Gallatin Fossil Plant Clean Air Act Permit. In August 2016, the Sierra Club filed a petition with the EPA requesting that the EPA object to the CAA renewal permit issued by TDEC to TVA for operations at Gallatin. The petition alleges that the permit (1) contains compliance evaluation requirements for opacity, particulate matter ("PM"), and fugitive dust that are not as stringent as required, (2) includes allowances for startup, shutdown, and malfunctions that are inconsistent with the CAA, (3) fails to include reporting requirements to ensure compliance with the Environmental Agreements, and (4) contains impermissibly high SO2 emission limits. On May 15, 2017, the Sierra Club filed a lawsuit in the United States District Court for the District of Columbia seeking to compel the EPA to act on the petition. On November 17, 2017, the District Court ordered the EPA to respond to the petition by January 31, 2018. While proceedings on this petition were ongoing, TDEC modified the CAA renewal permit on November 6, 2017, to address compliance with the 1-hour SO2 National Ambient Air Quality Standards ("NAAQS").
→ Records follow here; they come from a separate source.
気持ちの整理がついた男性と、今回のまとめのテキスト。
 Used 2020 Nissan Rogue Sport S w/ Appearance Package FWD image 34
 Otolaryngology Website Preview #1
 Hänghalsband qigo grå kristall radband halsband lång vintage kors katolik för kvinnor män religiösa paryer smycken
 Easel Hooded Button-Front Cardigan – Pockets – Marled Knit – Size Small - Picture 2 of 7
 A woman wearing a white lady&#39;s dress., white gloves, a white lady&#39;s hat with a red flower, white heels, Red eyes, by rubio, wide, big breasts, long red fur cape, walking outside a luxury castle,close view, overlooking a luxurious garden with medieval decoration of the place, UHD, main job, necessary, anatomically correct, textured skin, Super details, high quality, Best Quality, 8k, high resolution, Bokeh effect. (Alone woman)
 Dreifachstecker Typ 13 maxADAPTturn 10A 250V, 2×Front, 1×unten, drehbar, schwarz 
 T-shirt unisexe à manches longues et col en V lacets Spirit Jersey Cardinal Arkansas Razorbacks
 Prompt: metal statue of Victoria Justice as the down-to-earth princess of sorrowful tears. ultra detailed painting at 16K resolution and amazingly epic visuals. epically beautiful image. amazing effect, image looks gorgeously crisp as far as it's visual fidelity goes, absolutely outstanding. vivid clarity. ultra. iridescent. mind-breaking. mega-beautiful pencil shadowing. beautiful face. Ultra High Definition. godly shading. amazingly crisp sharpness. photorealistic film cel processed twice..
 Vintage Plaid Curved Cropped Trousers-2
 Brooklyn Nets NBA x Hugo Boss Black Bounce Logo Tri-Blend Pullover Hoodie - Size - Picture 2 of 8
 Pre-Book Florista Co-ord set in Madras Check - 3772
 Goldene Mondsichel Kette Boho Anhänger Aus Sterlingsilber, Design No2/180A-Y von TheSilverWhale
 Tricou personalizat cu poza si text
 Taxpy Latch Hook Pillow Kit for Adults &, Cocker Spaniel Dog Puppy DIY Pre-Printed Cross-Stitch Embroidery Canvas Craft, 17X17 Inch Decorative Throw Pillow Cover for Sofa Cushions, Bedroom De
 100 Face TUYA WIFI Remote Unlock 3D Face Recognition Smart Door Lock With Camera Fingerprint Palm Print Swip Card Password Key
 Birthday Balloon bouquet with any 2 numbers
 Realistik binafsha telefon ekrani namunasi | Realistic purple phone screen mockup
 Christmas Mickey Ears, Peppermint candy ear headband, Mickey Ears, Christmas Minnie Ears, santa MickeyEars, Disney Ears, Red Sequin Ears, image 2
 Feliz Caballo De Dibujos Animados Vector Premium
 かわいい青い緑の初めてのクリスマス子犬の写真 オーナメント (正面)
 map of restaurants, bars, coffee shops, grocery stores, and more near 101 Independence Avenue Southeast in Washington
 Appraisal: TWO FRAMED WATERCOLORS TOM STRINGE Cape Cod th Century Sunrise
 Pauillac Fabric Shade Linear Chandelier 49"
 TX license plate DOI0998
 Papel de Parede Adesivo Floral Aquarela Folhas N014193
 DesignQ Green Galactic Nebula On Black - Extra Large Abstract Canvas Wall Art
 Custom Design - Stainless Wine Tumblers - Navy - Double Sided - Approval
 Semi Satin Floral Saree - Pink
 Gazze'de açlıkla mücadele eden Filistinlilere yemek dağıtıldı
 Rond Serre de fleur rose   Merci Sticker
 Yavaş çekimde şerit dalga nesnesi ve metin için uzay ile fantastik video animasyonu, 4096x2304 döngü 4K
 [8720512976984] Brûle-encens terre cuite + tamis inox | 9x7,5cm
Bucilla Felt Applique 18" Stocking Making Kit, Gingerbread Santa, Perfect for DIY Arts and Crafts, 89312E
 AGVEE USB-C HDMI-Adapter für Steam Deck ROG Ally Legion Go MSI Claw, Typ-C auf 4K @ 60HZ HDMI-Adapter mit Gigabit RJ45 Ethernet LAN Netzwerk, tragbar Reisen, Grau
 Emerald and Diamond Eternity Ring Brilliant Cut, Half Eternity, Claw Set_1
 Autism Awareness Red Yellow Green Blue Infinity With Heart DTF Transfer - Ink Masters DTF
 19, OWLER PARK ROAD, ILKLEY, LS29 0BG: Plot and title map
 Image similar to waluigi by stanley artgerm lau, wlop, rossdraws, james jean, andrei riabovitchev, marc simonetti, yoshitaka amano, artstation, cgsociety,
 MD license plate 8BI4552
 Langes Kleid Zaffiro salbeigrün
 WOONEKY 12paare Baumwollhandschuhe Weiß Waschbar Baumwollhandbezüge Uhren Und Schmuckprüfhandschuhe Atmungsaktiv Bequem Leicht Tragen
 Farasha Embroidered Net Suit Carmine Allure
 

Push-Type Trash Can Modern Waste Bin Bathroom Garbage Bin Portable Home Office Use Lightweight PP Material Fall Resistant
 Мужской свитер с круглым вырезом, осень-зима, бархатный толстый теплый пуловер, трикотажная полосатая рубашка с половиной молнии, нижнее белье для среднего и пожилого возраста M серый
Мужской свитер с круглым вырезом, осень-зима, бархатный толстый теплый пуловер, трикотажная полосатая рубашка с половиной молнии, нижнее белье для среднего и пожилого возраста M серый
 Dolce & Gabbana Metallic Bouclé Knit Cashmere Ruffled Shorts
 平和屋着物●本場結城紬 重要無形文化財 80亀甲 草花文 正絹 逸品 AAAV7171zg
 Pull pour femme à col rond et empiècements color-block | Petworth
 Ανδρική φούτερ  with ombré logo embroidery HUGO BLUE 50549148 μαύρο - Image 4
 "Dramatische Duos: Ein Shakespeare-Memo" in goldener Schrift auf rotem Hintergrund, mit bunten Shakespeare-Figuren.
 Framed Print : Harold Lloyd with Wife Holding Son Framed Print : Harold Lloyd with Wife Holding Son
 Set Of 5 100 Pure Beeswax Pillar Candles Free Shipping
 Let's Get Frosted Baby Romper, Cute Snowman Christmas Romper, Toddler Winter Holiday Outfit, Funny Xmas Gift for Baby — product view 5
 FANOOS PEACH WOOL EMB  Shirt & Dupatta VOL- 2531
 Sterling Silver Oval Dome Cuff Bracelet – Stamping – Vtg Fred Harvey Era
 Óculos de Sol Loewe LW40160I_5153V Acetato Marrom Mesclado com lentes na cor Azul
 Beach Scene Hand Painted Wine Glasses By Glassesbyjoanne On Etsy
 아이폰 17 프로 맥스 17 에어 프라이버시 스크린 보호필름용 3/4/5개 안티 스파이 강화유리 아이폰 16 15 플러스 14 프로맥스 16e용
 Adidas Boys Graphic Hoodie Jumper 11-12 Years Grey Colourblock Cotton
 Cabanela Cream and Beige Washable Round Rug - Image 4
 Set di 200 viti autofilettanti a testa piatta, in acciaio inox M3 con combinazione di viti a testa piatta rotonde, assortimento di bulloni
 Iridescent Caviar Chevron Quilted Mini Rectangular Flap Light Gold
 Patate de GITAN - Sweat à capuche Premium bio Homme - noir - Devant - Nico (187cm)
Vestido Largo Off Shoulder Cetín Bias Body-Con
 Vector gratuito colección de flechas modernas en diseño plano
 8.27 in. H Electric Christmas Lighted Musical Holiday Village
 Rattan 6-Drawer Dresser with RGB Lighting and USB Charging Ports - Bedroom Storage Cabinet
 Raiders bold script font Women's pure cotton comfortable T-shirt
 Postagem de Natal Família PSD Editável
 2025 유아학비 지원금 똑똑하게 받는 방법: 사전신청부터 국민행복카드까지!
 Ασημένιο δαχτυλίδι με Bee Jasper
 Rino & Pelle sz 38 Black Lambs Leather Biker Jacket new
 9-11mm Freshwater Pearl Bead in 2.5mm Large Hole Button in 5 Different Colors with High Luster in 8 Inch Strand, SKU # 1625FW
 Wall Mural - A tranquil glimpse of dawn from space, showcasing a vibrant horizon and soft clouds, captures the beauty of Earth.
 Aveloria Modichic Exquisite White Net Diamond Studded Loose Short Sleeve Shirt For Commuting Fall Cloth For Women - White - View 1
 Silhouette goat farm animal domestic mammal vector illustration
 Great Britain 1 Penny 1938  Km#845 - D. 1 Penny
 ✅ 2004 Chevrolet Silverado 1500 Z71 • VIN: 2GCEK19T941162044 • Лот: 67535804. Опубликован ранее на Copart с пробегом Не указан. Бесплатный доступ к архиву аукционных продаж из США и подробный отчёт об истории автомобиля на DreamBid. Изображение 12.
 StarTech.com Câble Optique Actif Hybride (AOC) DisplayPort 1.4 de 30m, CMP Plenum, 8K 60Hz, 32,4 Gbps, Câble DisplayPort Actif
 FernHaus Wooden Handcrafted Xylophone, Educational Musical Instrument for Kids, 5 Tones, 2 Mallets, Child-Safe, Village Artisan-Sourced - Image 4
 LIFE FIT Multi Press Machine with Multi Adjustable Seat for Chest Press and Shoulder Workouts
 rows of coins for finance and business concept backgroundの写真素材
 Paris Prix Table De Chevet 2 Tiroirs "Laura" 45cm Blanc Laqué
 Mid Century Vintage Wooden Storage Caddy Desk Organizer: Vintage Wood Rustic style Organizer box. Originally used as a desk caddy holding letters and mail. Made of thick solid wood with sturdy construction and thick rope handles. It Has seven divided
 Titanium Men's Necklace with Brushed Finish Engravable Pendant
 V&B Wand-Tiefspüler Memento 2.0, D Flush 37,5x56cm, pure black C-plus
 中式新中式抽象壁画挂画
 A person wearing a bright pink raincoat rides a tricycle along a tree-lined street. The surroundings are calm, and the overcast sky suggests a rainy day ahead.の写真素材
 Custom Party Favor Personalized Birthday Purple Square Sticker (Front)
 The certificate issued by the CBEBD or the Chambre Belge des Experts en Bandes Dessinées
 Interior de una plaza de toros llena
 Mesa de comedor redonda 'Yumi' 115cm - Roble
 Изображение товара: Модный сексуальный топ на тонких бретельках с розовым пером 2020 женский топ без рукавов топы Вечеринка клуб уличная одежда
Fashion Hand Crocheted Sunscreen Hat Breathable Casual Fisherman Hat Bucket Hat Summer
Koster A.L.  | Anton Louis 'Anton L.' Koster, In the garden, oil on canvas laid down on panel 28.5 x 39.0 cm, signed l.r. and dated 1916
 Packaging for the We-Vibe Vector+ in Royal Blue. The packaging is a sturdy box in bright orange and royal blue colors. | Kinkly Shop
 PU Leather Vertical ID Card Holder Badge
On November 20, 2017, the Sierra Club filed a second petition requesting the EPA to object to the modified permit. On January 31, 2018, the EPA denied both petitions.

Case Involving Tennessee River Boat Accident. On July 23, 2015, plaintiffs filed suit in the United States District Court for the Northern District of Alabama, seeking recovery for personal injuries sustained when the plaintiffs’ boat struck a TVA transmission line which was being raised from the Tennessee River during a repair operation. The district court dismissed the case, finding that TVA’s exercise of its discretion as a governmental entity in deciding how to carry out the operation barred any liability for negligence. In August 2017, the United States Court of Appeals for the Eleventh Circuit affirmed the decision. The plaintiffs petitioned the U.S. Supreme Court ("Supreme Court") for review of the decision, arguing that the provision of the TVA Act which allows suit to be brought against TVA does not allow TVA to claim immunity for discretionary actions. On September 27, 2018, the Supreme Court granted the plaintiffs’ petition to review the case.